(INCOMPLETE BLOG POST)
Lodge describes weather in literature as:
- “…literary interest in the individual self, in states of feeling that affect and are affected by our perceptions of the external world” (Lodge, p 85). A character’s emotions may be displayed through the environment around them.
- “..weather affects our moods” (Lodge, p 85). Lodge mentions within the chapter discussing weather that an individual being moved by the weather is called: “..pathetic fallacy, projection of human emotion phenomena in the natural world.” p 85
- “But used with intelligence and discretion it is a rhetorical device capable of moving and powerful effects..” p 85.
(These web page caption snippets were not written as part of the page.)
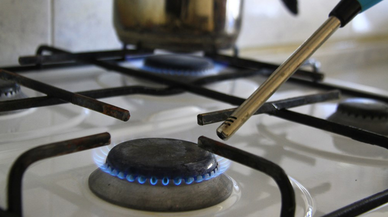 Doğal gaz şebekesi 255 bin kilometreyi buldu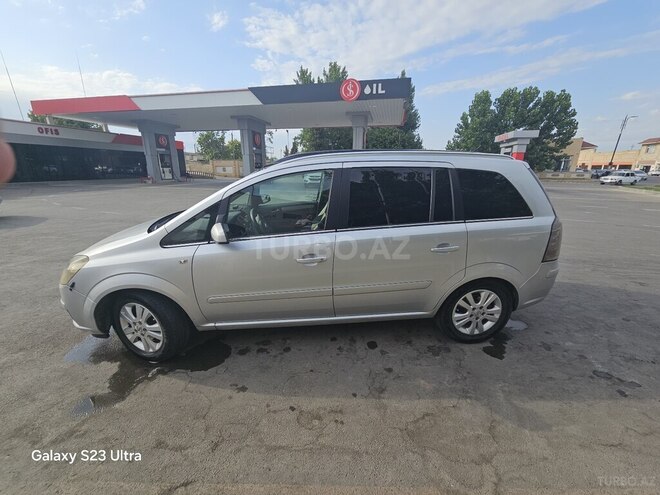 Opel Zafira 2007, 480,000 km - 1.9 л - Sabirabad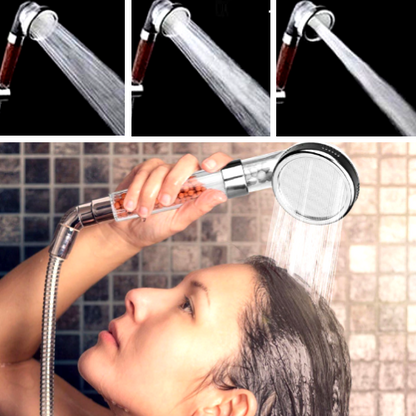 The Best Water Saving Shower Head Filter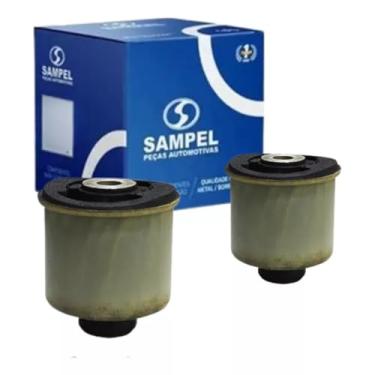 Imagem de PAR BUCHA EIXO TRASEIRO CITY 2009/... FIT 2009/...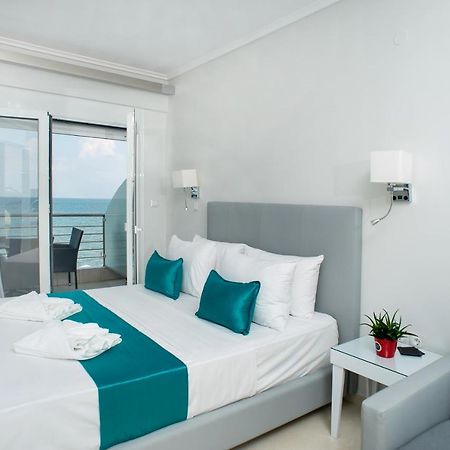 Lux Vip Apartments Peraia  Bagian luar foto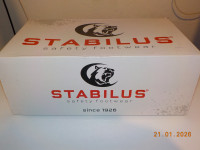 Čevlji robustni STABILUS št. 42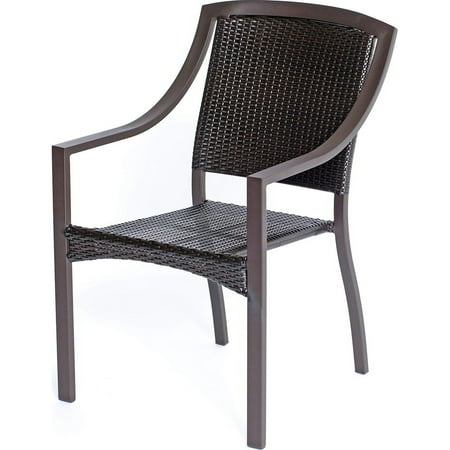 Hanover Orleans 5-Piece Dining Set with 42 In. Square Table-Style:42 In. Square Table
- “…is a precise analogy for the heroine’s feelings.” p 86
Paradise of the Blind
Within Paradise of the Blind, Huong utilizes weather as an element in order to impact the main character in a certain manner. The environment around Hang is a staple companion throughout the book. Readers are able to understand how Hang feels in a situation by identifying the tone that nature projects within the story. Additionally, the pathetic fallacy plays as an important factor as the weather causes Hang to express a certain emotion.
At the beginning of the novel, the initial setting is described to have an “icy blue sky” and “not a speck of green” meaning it was winter or late fall. After reading the chapter, readers are able to infer that the purpose of describing the weather may be to explain the main character’s emotional condition. Hang has received a telegram to visit her Uncle and is reminded that her vacation was over. Death is portrayed as brown earth and trees in the book to represent the fact that her joy of vacation was coming to an end, and that the Uncle she dislikes has reappeared in her life.
The instance of the pathetic fallacy can be seen as Hang experiences the cold weather in Russia. Before being harassed by a drunk elderly man, Hang’s friend comes by and helps her. Hang states that “snowflakes pierced the night with a thousand needlelike points” and “Like a tide held back too long, a wave of sadness, a feeling of humiliation and homesickness, washed over me.” After almost harassed, the snow acts as a tipping point to bring forth the bottled emotions Hang feels. The snow and the friend’s Uncle’s actions were a foreign sight to Hang, and it brings out her urge to go home and the shame she felt of the incident.